Concrete structures paper
Visintin, P & Oehlers, DJ 2014, 'Mechanics solutions for quantifying ductility and moment redistribution at all load levels', in ST Smith (ed.), 23rd Australasian Conference on the Mechanics of Structures and Materials (ACMSM23), vol. I, Byron Bay, NSW, 9-12 December, Southern Cross University, Lismore, NSW, pp. 301-306. ISBN: 9780994152008.
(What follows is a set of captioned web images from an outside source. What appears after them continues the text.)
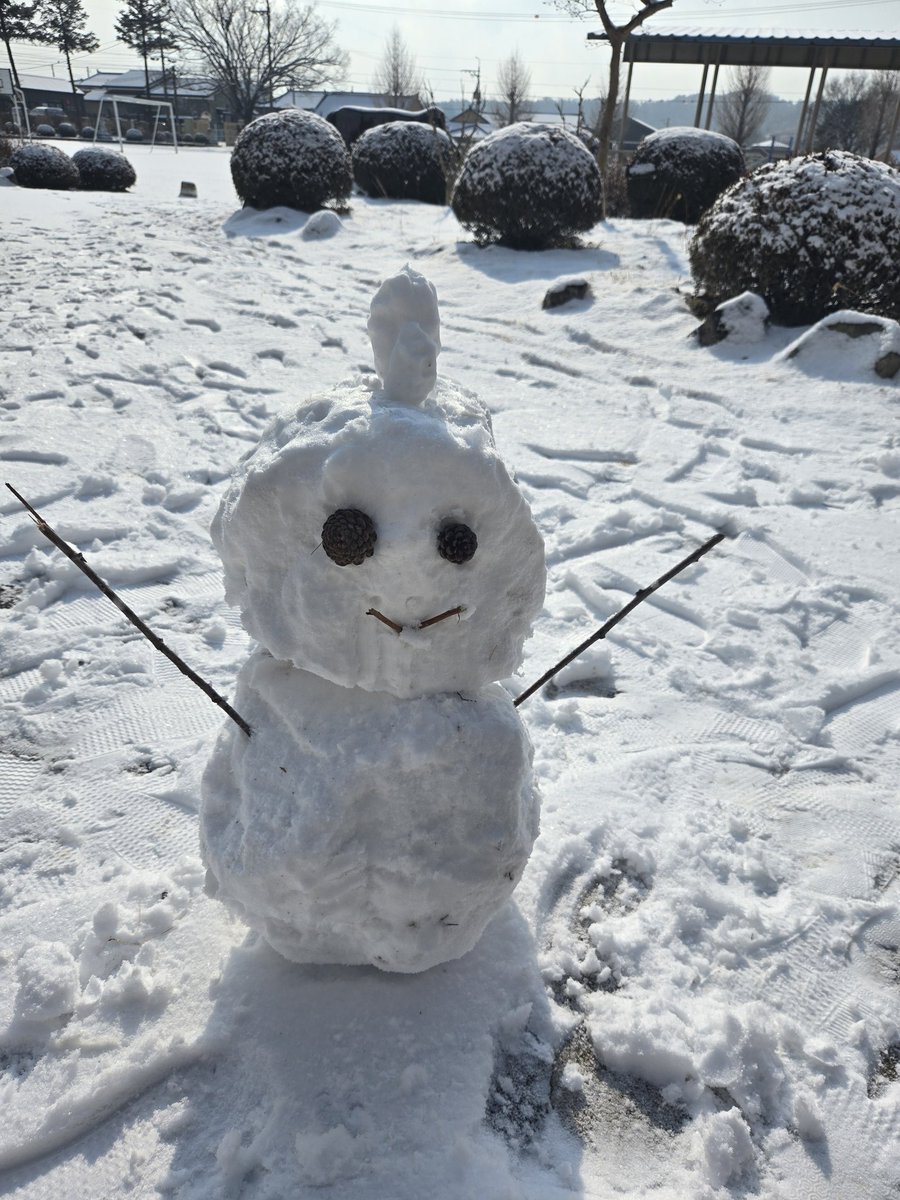 雪だるま⛄　
可愛い❤
#雪だるま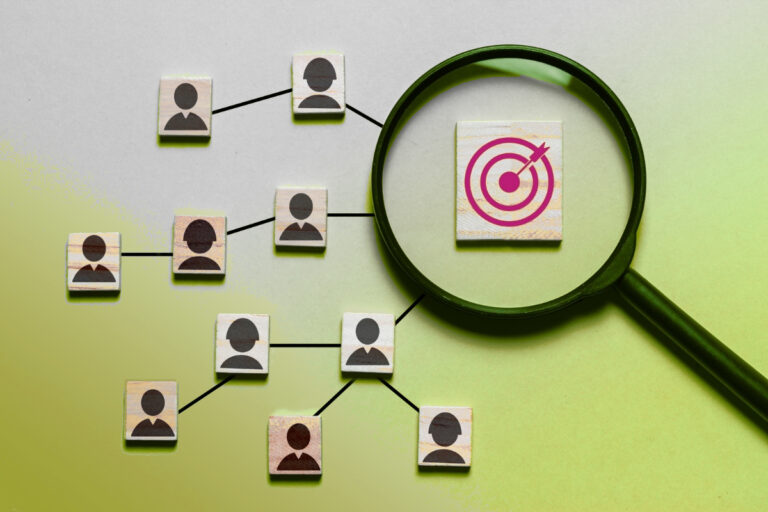 Symbolgrafik: Mitarbeiter auf mehreren Linien zum Ziel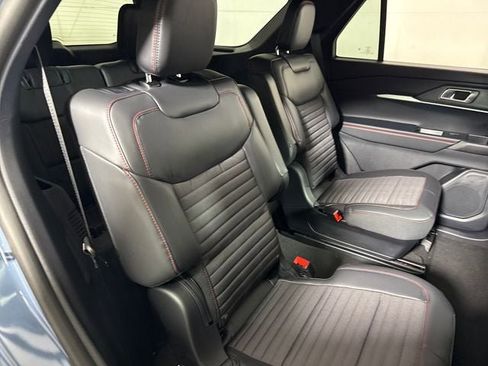 New 2026 Ford Explorer ST-Line AWD/4WD image 15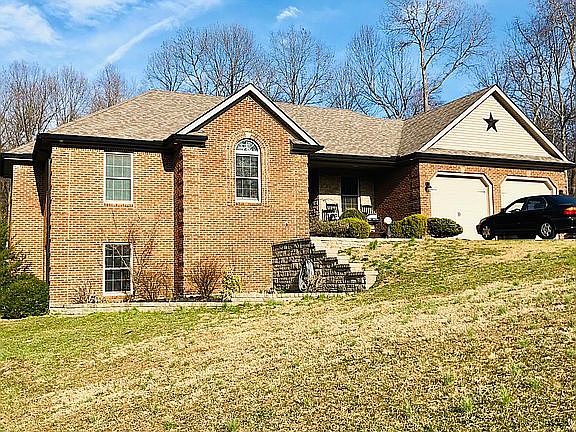 3rd image of 178 Tecumseh Ct NE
For the efficient design of reinforced concrete beams and frames, moment redistribution is used to: reduce the absolute maximum magnitude of the moment in the critical region; equalise the critical moments at either side of interior columns and fully utilise the capacity of the non-critical regions of a member. Although important in design, moment redistribution has historically proved to be difficult to quantify due to the complexity of quantifying hinge rotations. In this paper a framework used to develop mechanics based equations to quantify the moment rotation characteristics of reinforced concrete hinges is presented. This framework directly applies partial interaction theory in the tension region to simulate the mechanisms associated with slip of the reinforcement relative to the surrounding concrete as cracks widen. While in the compression region, shear friction theory is used to describe the formation and failure of concrete softening wedges. Mechanics based solutions for moment redistribution at all load levels is presented and it is shown that at the ultimate limit state mechanics based closed form solutions simple enough for use in routine design can be developed.